Margaret Grenier’s company, Dancers of Damelahamid, will perform their piece Spirit and Tradition on July 26 and 27 at Jacob’s Pillow Dance Festival in Becket, Massachusetts, as the only Canadian company presented this season. She says, “It’s certainly an invitation that not only were we so happy to receive but also because I feel that it is in response to a significant shift that is taking place within the dance sector in which [presenters are] bringing forward the work of Indigenous artists.”
Dancers of Damelahamid is an intergenerational dance company that emerged in the 1960s by Grenier’s parents, Chief Kenneth Harris and Margaret Harris, and grandmother Irene Harris. She notes that at the time, their work was focused on “dance revitalization because it was following the lifting of the Potlatch Ban.”
Grenier says Spirit and Tradition was created in response to a significant shift within her family: “My father passed in 2010 and … we were invited just shortly after that to go to Shanghai for the World Expo. We had already had this commitment in place, so the piece really reflected a very hugely significant change within our family and our practice because up until that point, everything was under my parents’ leadership and guidance.”
Spirit and Tradition marked the beginning of a new choreographic path for the company: “Everything that was done up until that point, even though we were choreographing works, they were all based on archival material, and this was the first piece where we sort of shifted that where we wanted to begin, adding a more contemporary approach,” says Grenier.
Pam Tatge, the executive and artistic director of Jacob’s Pillow, sees the piece as part of new growth at the festival as well. As she says, “I was very interested in the fact that we’ve had very little masked dance here at Jacob’s Pillow and wanted to showcase that tradition.”
Grenier and her team have created a new mask, depicting a mountain goat, specifically for their presentation at the Pillow. She calls it a transformation mask and explains that “A mountain goat is very significant to our home territories and a lot of our stories and oral histories.… It speaks to not only transformation, but also our values and teachings that come from those stories [are] that of the mountain goats. They live in the mountains; it’s a very precarious environment, and so the teaching that goes with that is a metaphor for the path that we take in life.… We really only take it one step at a time, and we have to do this in a good and clear way, and then the path unfolds as we go.”

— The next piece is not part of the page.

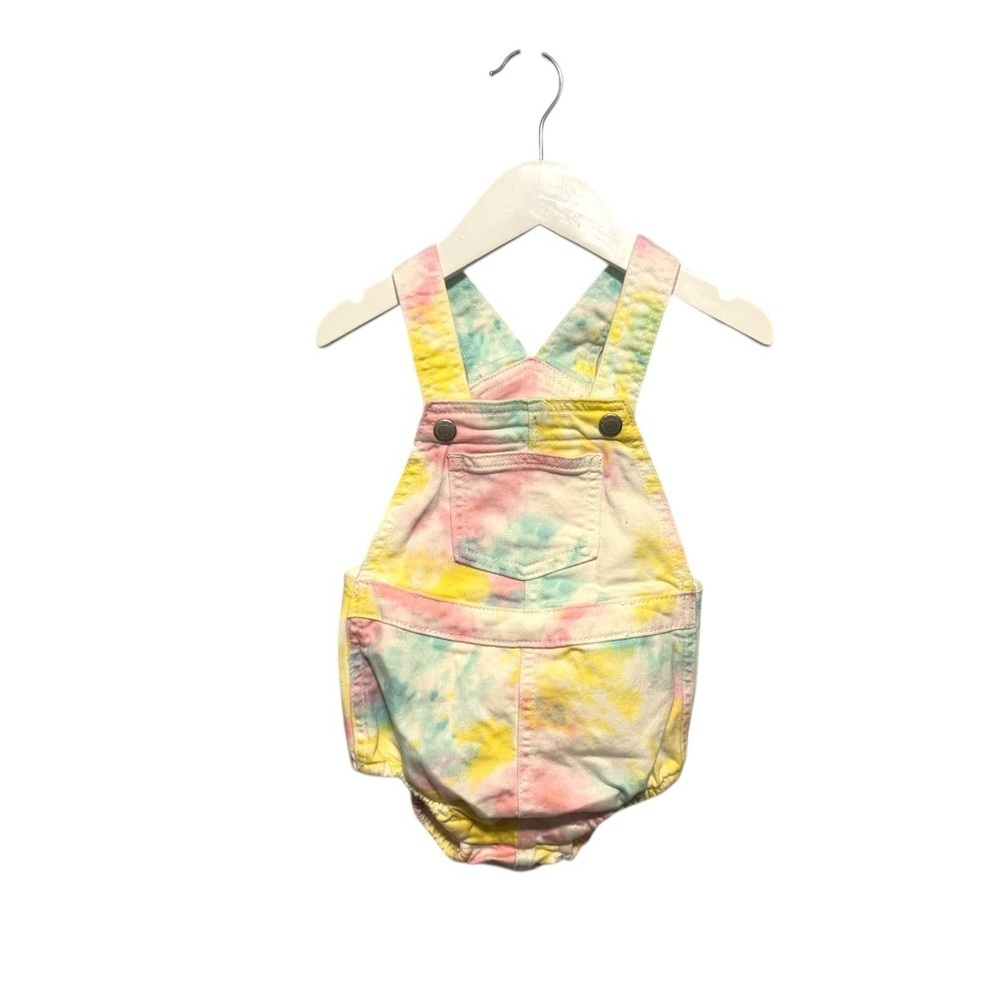 ⭐️ 5/$30 Old Navy Kids Tie-Dye Denim Overalls size 12-18 Months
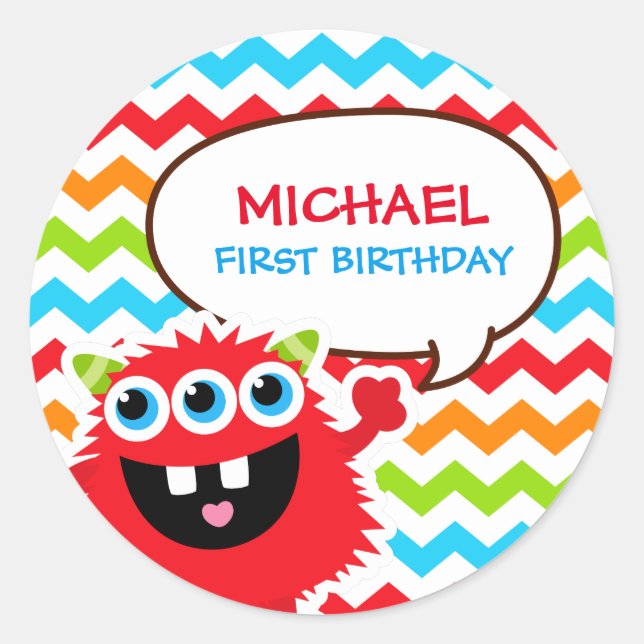 Monster Bash Birthday Party Classic Round Sticker (Front)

This will be the first time Grenier has attended the festival in any capacity. In addition to presenting Spirit and Tradition, she will be taking time to connect with Indigenous Peoples and histories of the region surrounding the festival. The Nipmuc, Wampanoag, Narragansett, Agawam, Mohegan, Pequot, Schaghticoke and Abenaki peoples currently live on this land. She notes that the festival has taken steps to create these opportunities to forge new relationships in this way.
Tatge highlights the fact that themes of reciprocity and ecological sustainability, expressed in Spirit and Tradition, are also central to the festival’s goals: “There is simply no other place in the world to see dance quite in the way you experience it in dialogue with nature at Jacob’s Pillow. And the idea of having a company, having a work, whose themes focus not only on environmental sustainability but reciprocal relationships – this is what we are seeking to build in the communities that surround Jacob’s Pillow. We have an international and a national gaze, but we haven’t always had a local and regional gaze. And we believe that the best way to build relationships is to build partnerships that are reciprocal.”
While Spirit and Tradition has toured to many locations around the world including China, Germany, Peru, Ecuador and Scotland, experiencing this multimedia piece against the backdrop of the Berkshire Hills is one of the reasons Tatge was excited to bring it to the festival. As she says, “Seeing their elaborate regalia set against the backdrop of the Berkshire hills, I think it’s just going to look magnificent.”
Grenier also sees this connection between the work and the festival: “It is a festival that is deeply connected to land in terms of its setting, in terms of, you know, the history and the values of the festival. And we as a company, our practice, likewise, is rooted in not only connections to the land but the oral histories that speak to how we care for our lands, how we maintain our ancestral teachings and stories that make our existence … a sustainable one in relationship to our lands and resources.”
Spirit and Tradition will play at the Henry J. Leir Stage on July 26 and 27 at 6 p.m.